It was 1990. It was the year South Africa finally started the move to democracy. It was a year where the military folk at Natal Command, known as Hotel Command, where I served the bulk of my time, quite appreciated that they had in their midst, as one colonel put it, “someone who thinks like the enemy”. What could have been a problem became an asset.

It was also the year that Natal won the Currie Cup for the first time. How can I list that moment alongside the macro and micro, the wider and more personal experiences of that year? Well, if you lived through that time and remember the background to Natal’s first ever success, and in their Centenary Year to boot, there was a link.

JAMIESON’S RAIDERS WERE A DEPARTURE FROM THE NORM

For having a team captained by an English-speaking law graduate from Maritzburg with an unruly mop of hair named Craig Jamieson was a massive departure from the norm. Free State and Transvaal occasionally challenged, but the trophy was generally hogged by two teams - Northern Transvaal and Western Province. It was a time when players like Jamieson were considered outliers and outsiders.

General Bantu Holimisa, then the leader in the old Transkei, picked up on that. I can well recall him being interviewed by the old Capital Radio 604 in the days after the 1990 final, where Natal beat Naas Botha’s Northern Transvaal 18-12, and lauding Natal for forwarding the cause of the underdog, the down-trodden, the excluded.

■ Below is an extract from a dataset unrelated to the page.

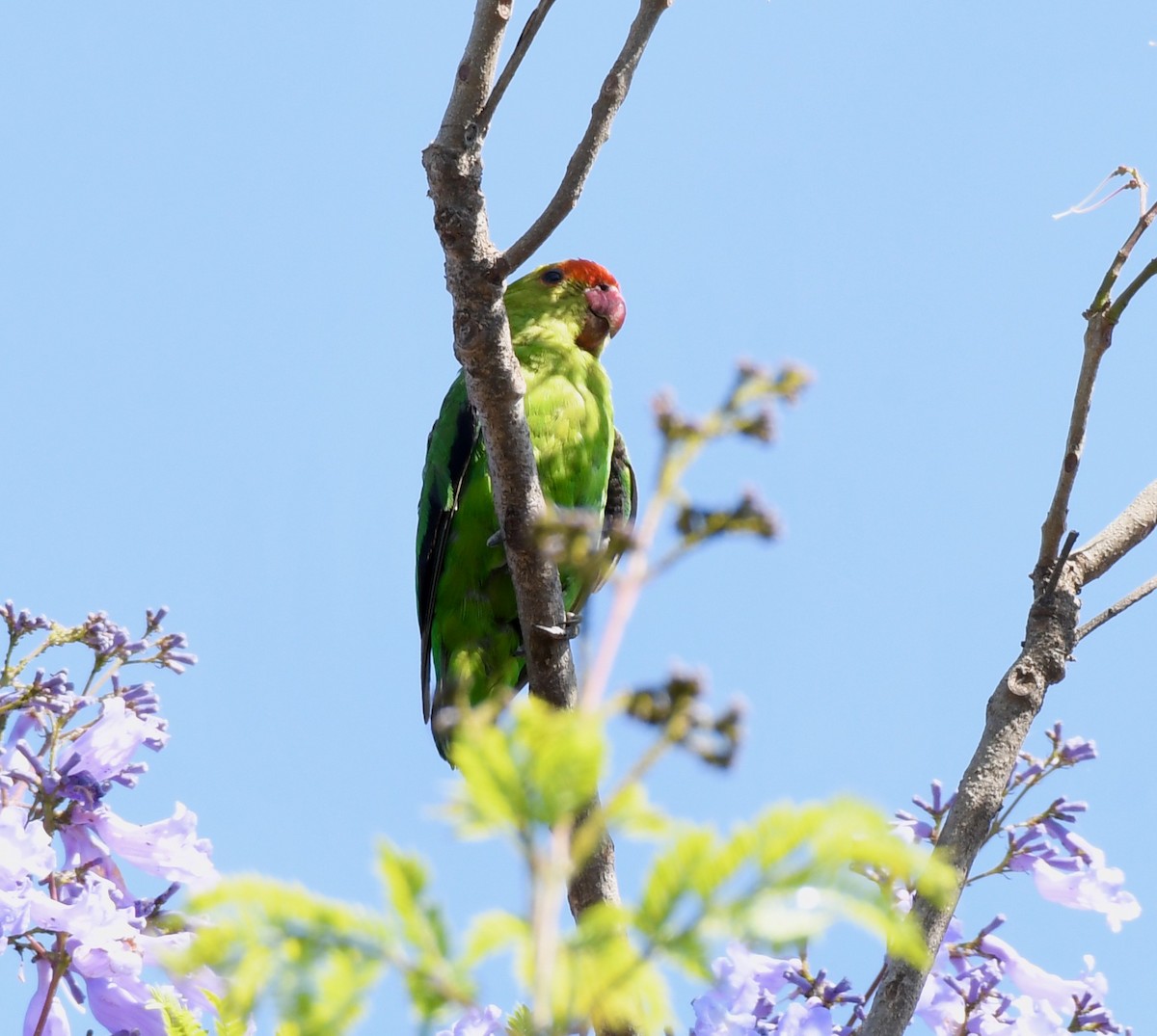 Black-winged Lovebird - ML213255351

The culture of Natal rugby, now the Sharks, has changed since those days. Success has ushered in a new attitude, a different vibe. A changed perspective. Back then, three decades ago, they were rank underdogs. Former Natal captain Tommy Bedford dubbed Natal the Last Outpost of the British Empire, and for some players that’s how it felt.

A Natal based player, just one of them, being selected to play for the Springboks, was a rare event that made front page news in the Durban newspapers.

THE CINDERELLA PROVINCE

The Cinderella Province. That is what they called Natal, now KZN, back then. At least when it came to sport. Yes, the cricketers generally did okay. Big Vince van der Bijl was captain of the Natal team that became the first side to win the double - the Currie Cup and the Gillette Cup - in my first season of following that sport in the 1976/1977 season. If my memory serves me correctly, that was the 17th time they won the Currie Cup, and they did so again in 1980/81.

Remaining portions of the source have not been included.